Despite excellent convergence, CUDAKrylovSolver is slower than CUDSSBatchedSolver for zone-sized problems due to GPU kernel launch overhead. Use CUDSSBatchedSolver for production workloads.

CUDSSDirectSolver

GPU sparse direct solver via NVIDIA cuDSS. Performs per-zone factorization and solve on a dedicated CUDA stream for thread-safe concurrent operation.

julia
using CUDA, CUDSS
solver = CUDSSDirectSolver()  # allocates its own CuStream
forward_solve!(disp, K, f, model, 1; solver=solver)

Key features:

  • Per-solver CUDA stream — Each instance owns a CuStream, enabling safe concurrent use from multiple Julia threads during line search.

  • Refactorization reuse — First call performs full analysis + factorization. Subsequent calls with _needs_refactor=true only refactorize (same sparsity pattern). Same-K different-RHS calls (adjoint reuse) only update the RHS.

  • Cache invalidation — Call invalidate_cache!(solver) after material updates to trigger refactorization on the next solve.

Used in Phase 3 (line search) of the batched zone driver, where ~290 solvers run concurrently across Julia threads. Achieves ~8.5ms per refactor+solve on DGX Spark ARM cores, vs ~55ms for CPU LU on the same hardware.

CUDSSBatchedSolver

Batched GPU factorization and solve for all zones simultaneously. This is the primary production solver for Phase 1 (forward + adjoint) of the GPU zone decomposition driver.

julia
using CUDA, CUDSS
bsolver = CUDSSBatchedSolver(structure="G")
create_batched_solver!(bsolver, zone_Ks)      # symbolic analysis + factorize
batched_solve!(bsolver, zone_xs, zone_rhs)    # solve all zones
batched_update_and_refactor!(bsolver, zone_Ks) # update values + refactorize

Key functions:

  • create_batched_solver!(solver, Ks) — Transfers all zone K matrices to GPU, creates per-zone CudssSolver instances, performs symbolic analysis and initial factorization.

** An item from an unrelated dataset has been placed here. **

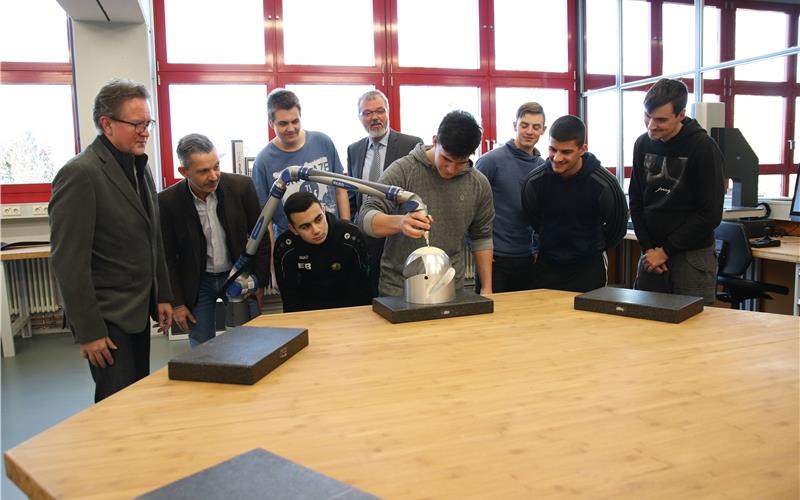High-Tech-Messarm für Gottlieb-Daimler-Schule Im Unterricht im Einsatz: Der neue High-Tech-MessarmGB-Foto: gb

  • batched_solve!(solver, xs, rhs) — Solves all zone systems using cached factorizations. RHS vectors are transferred to GPU, solved, and results read back.

  • batched_update_and_refactor!(solver, Ks) — Updates GPU-side matrix values from CPU and re-factorizes, reusing the symbolic analysis from create_batched_solver!.

Handles variable-size zones (different sparsity patterns and dimensions) by maintaining independent CudssSolver instances per zone. On the MGH brain dataset (~290 zones), factorizes all zones in ~5s and solves in ~48ms.

Adding a New Solver

To add a new solver backend:

1. Define the solver type:

julia
struct MySolver <: AbstractLinearSolver
    # solver-specific configuration fields
end

2. Implement linear_solve!:

julia
function linear_solve!(x::AbstractVector{ComplexF64},
                        K::SparseMatrixCSC{ComplexF64},
                        f::AbstractVector{ComplexF64},
                        solver::MySolver)
    # Solve K * x = f, store result in x
    return x
end

3. (Optional) Implement invalidate_cache!:

julia
function invalidate_cache!(solver::MySolver)
    solver.cached_factor = nothing
    return nothing
end

4. Export from Sentinel:

Add the type to the export list in src/forward/solver.jl:

julia
export MySolver

The solver can then be passed to forward_solve!, adjoint_solve!, or set as the solver field in a ForwardProblemContext.

If the solver is provided by an external package, implement it as a package extension (see ext/SentinelMUMPSExt.jl for the pattern).